** Information supplied **
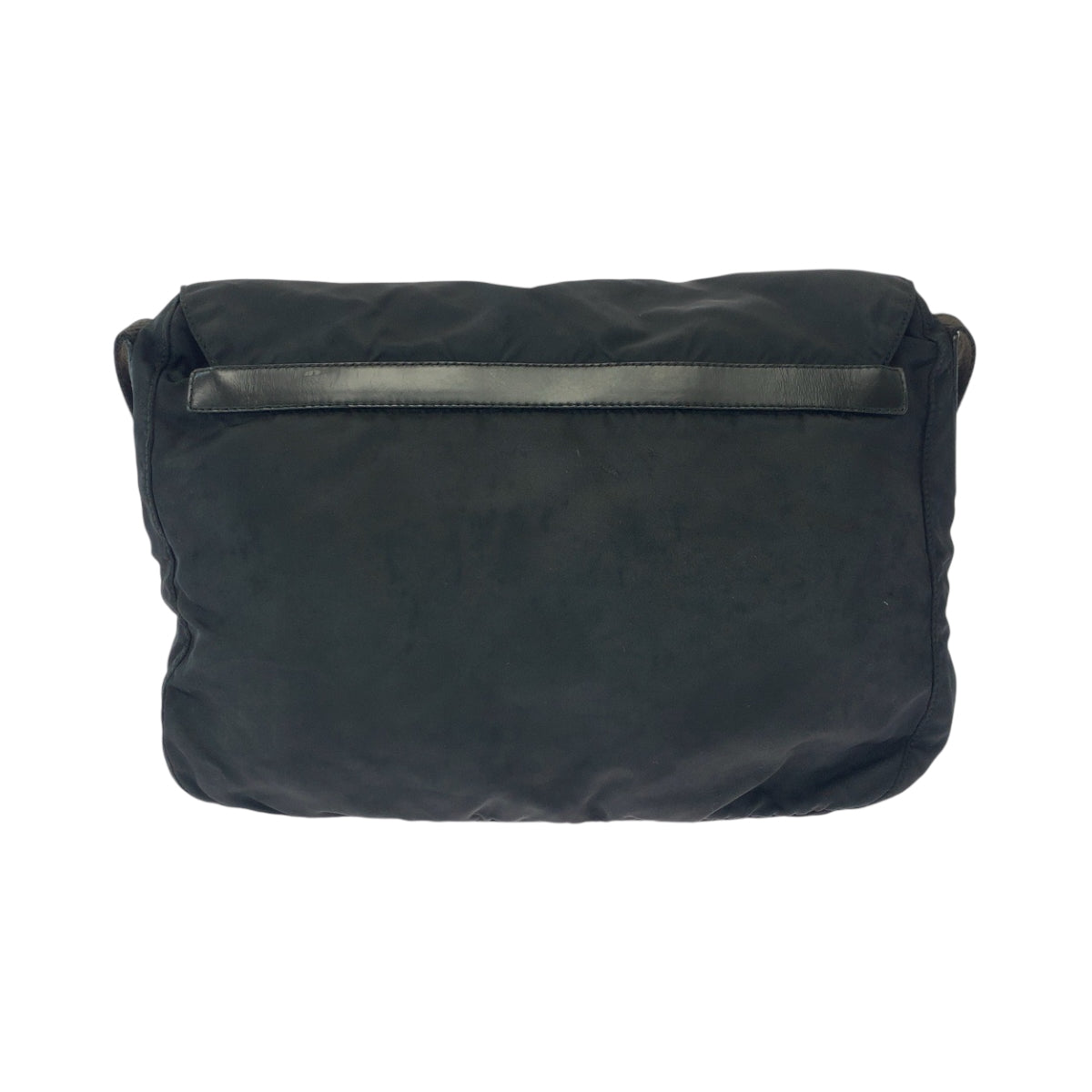 Prada Shoulder Bag 1Bd671 Nylon Black Silvermetal Shoulder Bag Messenger Bag Test Triangle With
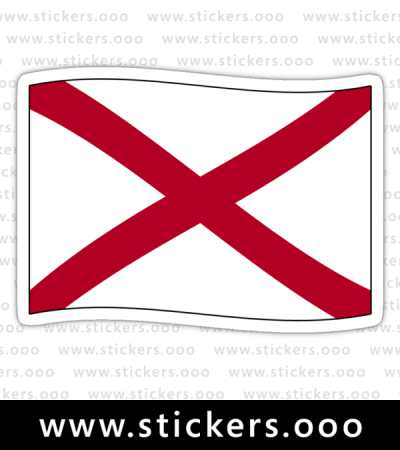 Alabama AL Official State Flag (Ripple Wave)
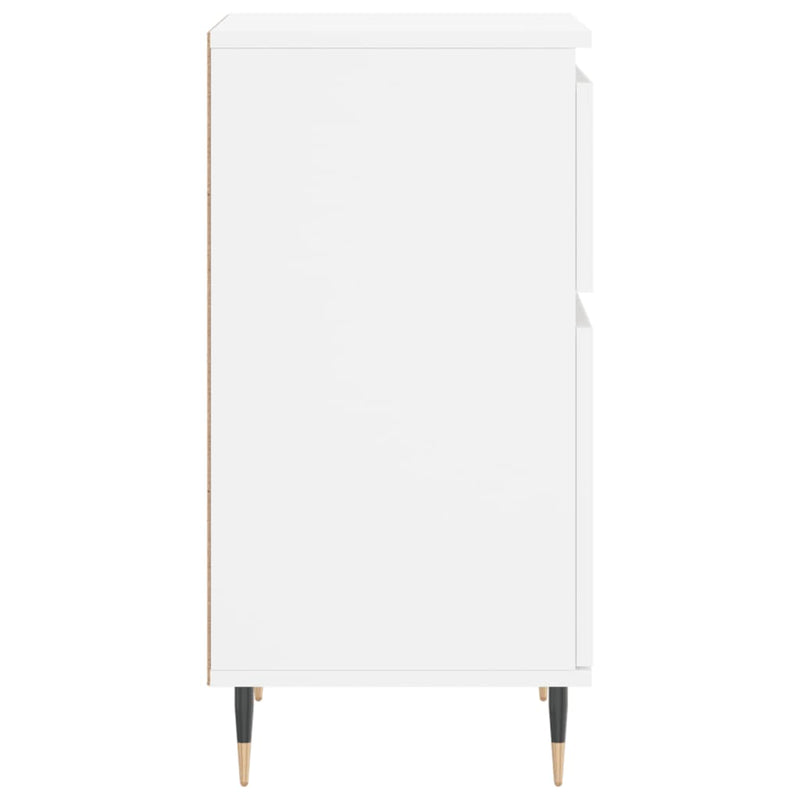 vidaXL 2 db fehér szerelt fa tálalószekrény 40 x 35 x 70 cm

** What you need to do **
Wherever the listing shows a picture, omit it and output the rest exactly as given.

** Result of this exercise **
 Prada Shoulder Bag 1Bd671 Nylon Black Silvermetal Shoulder Bag Messenger Bag Test Triangle With
 Alabama AL Official State Flag (Ripple Wave)
 vidaXL 2 db fehér szerelt fa tálalószekrény 40 x 35 x 70 cm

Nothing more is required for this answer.